On a few recent projects, we have spent a lot more time than usual reviewing specific terms and going back and forth with both agencies and lawyers to come up with language that works for everyone. During these particular projects, I often felt at a bit of a disadvantage when there were lawyers involved and wishing we had one of our own to help navigate our point of view.
I figured we were not alone in this thinking so asked attorney Linda Joy Kattwinkel of Owen, Wickersham & Erickson, P.C. if she would help dissect a generic Terms and Conditions Document that we can share with our readers. People were so appreciative of the information she shared regarding Copyright, we figured they would feel the same about Terms and Conditions.
The documents are a bit long and dense, so we are breaking this series up in a few posts. This post addresses items #1 – #5. If you have any questions, please leave them in the comments or email us directly. We will do our best to get them answered for you.
The format we thought most helpful would be to 1) review the term 2) translate the term into layman’s language and 3) ask any relevant questions. The first 5 terms are below.

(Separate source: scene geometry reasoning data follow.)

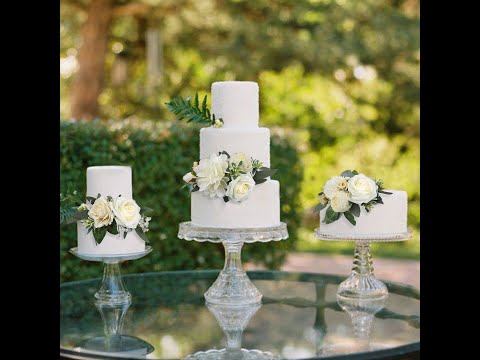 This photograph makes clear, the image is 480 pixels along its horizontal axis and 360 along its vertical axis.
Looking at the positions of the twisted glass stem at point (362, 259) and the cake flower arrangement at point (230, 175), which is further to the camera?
the twisted glass stem at point (362, 259)

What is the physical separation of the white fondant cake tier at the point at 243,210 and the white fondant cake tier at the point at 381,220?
34cm

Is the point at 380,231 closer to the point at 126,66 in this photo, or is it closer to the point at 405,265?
the point at 405,265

#1. ACCEPTANCE. This order is subject to all the terms and conditions stated herein. If any terms contained in supplier’s acceptance of this order or in supplier’s invoices are at variance with the terms of this order, the terms of this order shall govern. No oral agreement or other understanding shall in any way modify or change the terms of this order unless agreed to in writing and signed by Agency.
Translation: The terms stated here supersede and replace any other document, including PO, estimate, invoice or oral agreement.
• Does this mean that if my own Terms and Conditions, Invoice or Estimate state different terms, they are not honored?
• If I have Terms that I would like added or removed, how do I do that?
Cross out this paragraph, and substitute “This order is subject to the terms and conditions of supplier’s proposal [or use the same term you used on the original document in which you stated your bid, e.g., “Estimate”] as accepted by Agency on ____________ [date]. If any terms contained herein are at variance with supplier’s proposal, the terms in supplier’s proposal shall govern.”
You can explain to the Agency that they entered into a legal contract when they accepted your proposal. The Agency’s subsequent Order with different terms and conditions is an offer to change the terms of that contract, which you are not agreeing to. For example, if your proposal was for limited usage, and the Agency wants a copyright assignment per No. 4 below, then your original pricing does not match their new request for all rights. The Agency needs to accept the original scope of usage rights or agree to pay your higher fees for a complete copyright assignment (also sometimes called a “buyout”).
• What constitutes an acceptance of a proposal? Does it have to be a signed estimate? Or, can an email indicating approval count? How about a verbal approval?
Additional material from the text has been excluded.